▶ _PROBLEM REQUIREMENTS_:
Where the line with "VidaXL Appelkisten Acaciahout" appears below, start writing out lines exactly, and finish with the line with "Spirálfüzet vonalas FORTUNA", which is included; write out nothing else.

▶ _PROVIDED MATERIAL_:
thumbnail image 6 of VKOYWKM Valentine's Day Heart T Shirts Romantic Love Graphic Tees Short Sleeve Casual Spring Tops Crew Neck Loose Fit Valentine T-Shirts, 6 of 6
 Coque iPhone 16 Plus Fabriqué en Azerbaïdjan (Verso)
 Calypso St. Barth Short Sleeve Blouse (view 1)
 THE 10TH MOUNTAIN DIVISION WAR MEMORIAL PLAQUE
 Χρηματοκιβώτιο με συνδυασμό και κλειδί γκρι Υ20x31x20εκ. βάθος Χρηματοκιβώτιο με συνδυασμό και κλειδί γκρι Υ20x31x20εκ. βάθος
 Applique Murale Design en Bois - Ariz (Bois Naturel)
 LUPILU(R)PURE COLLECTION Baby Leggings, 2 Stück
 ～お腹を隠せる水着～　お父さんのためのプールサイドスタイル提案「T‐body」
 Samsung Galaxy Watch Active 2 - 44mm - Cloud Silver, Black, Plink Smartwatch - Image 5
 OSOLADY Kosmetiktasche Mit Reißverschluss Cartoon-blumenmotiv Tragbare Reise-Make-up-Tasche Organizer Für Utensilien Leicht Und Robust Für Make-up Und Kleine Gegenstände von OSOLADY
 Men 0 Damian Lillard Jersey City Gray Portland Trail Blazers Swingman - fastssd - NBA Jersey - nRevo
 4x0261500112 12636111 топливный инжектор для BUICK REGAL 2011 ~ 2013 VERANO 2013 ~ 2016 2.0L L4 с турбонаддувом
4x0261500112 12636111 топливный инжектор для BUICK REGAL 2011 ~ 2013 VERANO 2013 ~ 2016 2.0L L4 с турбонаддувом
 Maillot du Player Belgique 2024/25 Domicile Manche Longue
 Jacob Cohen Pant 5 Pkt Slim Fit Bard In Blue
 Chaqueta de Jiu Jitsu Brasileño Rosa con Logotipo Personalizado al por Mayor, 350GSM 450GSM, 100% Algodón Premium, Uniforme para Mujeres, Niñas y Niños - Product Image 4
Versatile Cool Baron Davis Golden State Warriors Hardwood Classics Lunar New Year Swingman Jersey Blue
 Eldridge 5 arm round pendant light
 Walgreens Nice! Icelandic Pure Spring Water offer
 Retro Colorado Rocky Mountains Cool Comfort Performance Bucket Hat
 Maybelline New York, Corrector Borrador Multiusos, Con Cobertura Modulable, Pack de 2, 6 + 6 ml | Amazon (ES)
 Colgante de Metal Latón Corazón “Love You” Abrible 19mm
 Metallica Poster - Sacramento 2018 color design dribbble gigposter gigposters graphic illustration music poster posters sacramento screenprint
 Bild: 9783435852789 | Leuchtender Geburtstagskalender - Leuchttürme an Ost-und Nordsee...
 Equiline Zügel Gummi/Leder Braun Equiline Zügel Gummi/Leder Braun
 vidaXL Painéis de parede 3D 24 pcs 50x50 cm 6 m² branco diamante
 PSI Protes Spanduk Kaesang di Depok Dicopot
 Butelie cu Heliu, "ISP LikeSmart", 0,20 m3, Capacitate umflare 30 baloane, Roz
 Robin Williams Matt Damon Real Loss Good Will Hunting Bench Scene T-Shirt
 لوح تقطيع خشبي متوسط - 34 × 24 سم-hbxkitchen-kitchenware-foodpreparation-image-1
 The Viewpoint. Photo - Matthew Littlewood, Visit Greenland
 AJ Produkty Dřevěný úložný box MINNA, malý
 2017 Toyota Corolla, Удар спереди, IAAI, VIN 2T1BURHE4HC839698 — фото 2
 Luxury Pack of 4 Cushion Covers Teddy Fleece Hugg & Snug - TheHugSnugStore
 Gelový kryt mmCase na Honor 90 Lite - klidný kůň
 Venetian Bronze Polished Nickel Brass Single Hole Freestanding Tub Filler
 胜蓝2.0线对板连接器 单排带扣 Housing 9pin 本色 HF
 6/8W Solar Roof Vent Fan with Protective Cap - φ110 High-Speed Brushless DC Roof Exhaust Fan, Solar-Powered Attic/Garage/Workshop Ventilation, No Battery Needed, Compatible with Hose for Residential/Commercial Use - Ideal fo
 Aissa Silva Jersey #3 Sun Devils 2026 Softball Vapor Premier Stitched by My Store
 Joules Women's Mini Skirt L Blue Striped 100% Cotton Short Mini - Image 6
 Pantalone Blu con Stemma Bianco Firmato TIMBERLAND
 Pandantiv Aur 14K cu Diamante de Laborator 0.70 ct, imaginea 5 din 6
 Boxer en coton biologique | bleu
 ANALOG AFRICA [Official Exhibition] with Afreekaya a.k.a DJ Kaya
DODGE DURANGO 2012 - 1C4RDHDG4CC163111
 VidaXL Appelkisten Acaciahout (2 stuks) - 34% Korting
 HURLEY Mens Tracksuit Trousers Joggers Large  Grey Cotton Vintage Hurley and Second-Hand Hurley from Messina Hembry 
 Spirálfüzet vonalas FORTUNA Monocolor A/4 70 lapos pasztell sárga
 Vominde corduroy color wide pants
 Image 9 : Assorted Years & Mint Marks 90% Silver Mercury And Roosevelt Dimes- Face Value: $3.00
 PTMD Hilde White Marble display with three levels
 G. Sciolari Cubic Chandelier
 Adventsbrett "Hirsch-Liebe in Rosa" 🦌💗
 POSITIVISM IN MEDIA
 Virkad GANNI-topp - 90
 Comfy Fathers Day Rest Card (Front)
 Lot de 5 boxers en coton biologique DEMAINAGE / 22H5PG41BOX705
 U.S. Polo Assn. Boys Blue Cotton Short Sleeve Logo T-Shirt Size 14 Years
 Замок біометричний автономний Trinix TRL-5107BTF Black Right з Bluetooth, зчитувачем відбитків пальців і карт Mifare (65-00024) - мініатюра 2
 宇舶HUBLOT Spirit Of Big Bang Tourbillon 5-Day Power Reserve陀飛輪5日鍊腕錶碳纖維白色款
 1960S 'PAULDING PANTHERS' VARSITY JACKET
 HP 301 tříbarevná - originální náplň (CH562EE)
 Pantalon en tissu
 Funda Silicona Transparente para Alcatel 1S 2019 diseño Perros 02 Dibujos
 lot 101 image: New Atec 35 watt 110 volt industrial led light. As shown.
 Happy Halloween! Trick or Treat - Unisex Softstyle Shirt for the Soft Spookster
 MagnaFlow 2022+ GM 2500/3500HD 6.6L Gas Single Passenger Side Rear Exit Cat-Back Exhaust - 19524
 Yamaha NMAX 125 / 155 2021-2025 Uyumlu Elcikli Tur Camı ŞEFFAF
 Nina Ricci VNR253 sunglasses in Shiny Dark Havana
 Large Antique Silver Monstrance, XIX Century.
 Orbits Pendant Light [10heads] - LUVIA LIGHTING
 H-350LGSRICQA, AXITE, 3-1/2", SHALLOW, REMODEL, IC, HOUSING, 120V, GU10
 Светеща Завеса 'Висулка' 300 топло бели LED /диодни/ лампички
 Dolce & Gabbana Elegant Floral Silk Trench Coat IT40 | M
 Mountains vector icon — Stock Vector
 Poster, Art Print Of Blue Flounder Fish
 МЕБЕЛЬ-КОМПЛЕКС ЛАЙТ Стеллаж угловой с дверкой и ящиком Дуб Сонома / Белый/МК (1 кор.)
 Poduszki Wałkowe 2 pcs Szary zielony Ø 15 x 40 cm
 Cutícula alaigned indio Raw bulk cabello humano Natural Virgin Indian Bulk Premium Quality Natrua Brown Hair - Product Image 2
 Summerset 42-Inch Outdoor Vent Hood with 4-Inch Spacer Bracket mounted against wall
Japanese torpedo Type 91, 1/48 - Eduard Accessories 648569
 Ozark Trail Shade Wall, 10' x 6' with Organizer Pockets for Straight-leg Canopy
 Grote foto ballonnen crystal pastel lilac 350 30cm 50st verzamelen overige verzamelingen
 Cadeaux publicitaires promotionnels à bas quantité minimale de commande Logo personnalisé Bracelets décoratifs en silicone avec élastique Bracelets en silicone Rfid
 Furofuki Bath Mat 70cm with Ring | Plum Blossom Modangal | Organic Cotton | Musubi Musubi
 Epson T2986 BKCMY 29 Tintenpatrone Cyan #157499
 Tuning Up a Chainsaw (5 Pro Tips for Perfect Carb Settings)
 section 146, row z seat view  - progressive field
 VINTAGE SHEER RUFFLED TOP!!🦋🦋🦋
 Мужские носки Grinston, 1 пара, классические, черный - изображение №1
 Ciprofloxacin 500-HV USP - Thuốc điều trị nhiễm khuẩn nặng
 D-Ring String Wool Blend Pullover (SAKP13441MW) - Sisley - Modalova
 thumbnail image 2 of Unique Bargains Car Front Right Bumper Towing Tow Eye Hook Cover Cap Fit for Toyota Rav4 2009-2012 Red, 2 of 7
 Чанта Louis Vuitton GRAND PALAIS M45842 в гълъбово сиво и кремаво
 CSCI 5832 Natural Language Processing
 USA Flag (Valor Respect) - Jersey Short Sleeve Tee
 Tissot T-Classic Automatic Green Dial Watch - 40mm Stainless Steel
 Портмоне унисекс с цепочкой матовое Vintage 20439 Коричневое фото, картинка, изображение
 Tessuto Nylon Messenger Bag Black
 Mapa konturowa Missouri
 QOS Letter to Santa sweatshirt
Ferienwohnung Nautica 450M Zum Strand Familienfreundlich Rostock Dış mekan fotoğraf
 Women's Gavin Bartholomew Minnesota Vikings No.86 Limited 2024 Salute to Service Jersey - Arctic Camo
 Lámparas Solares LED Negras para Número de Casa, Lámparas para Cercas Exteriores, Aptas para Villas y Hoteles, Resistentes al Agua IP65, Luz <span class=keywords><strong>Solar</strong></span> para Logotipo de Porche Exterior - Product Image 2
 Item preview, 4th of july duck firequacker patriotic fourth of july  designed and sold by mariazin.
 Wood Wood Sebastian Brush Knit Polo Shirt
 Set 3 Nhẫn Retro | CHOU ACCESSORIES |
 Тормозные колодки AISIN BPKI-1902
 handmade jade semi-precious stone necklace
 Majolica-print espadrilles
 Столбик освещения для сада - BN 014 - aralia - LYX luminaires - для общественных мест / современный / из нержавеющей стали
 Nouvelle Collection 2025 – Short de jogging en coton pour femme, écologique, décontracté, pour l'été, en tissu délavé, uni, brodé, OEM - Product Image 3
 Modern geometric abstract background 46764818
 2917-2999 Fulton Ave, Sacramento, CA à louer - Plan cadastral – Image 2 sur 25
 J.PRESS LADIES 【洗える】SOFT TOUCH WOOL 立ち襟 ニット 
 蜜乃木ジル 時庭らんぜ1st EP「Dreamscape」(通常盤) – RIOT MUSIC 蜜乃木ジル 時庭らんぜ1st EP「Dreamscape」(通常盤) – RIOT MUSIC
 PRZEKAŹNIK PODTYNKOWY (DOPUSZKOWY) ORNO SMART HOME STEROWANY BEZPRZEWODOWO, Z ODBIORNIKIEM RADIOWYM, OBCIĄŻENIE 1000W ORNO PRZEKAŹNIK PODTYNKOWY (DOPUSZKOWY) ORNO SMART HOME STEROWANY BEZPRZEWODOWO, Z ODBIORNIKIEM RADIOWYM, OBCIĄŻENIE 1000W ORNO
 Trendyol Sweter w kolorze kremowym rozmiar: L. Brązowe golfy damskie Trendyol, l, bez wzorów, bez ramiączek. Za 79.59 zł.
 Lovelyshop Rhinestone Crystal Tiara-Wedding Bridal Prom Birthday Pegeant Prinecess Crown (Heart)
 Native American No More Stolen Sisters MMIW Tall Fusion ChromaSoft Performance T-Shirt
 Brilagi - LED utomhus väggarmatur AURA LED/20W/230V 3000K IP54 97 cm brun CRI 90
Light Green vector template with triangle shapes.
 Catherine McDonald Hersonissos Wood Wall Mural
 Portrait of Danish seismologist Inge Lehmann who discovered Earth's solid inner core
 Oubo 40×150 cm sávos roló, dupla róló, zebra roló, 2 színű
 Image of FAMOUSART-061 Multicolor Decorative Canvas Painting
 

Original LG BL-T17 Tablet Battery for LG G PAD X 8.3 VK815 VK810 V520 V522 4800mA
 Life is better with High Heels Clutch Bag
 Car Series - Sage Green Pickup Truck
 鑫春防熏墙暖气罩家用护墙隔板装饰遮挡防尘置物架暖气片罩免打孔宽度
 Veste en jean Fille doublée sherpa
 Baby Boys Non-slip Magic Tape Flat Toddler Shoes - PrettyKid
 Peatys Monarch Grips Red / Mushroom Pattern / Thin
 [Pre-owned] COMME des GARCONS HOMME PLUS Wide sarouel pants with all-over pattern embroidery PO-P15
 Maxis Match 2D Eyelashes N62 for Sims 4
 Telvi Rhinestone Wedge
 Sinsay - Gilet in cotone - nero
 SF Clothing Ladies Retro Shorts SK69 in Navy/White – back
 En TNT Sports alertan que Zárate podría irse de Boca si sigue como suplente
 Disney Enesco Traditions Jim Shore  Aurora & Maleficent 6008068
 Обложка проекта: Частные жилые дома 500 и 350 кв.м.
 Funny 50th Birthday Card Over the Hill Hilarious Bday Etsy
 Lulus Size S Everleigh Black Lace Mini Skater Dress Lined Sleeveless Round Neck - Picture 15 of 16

▶ _ANSWER TO THIS EXERCISE_:
 VidaXL Appelkisten Acaciahout (2 stuks) - 34% Korting
 HURLEY Mens Tracksuit Trousers Joggers Large  Grey Cotton Vintage Hurley and Second-Hand Hurley from Messina Hembry 
 Spirálfüzet vonalas FORTUNA Monocolor A/4 70 lapos pasztell sárga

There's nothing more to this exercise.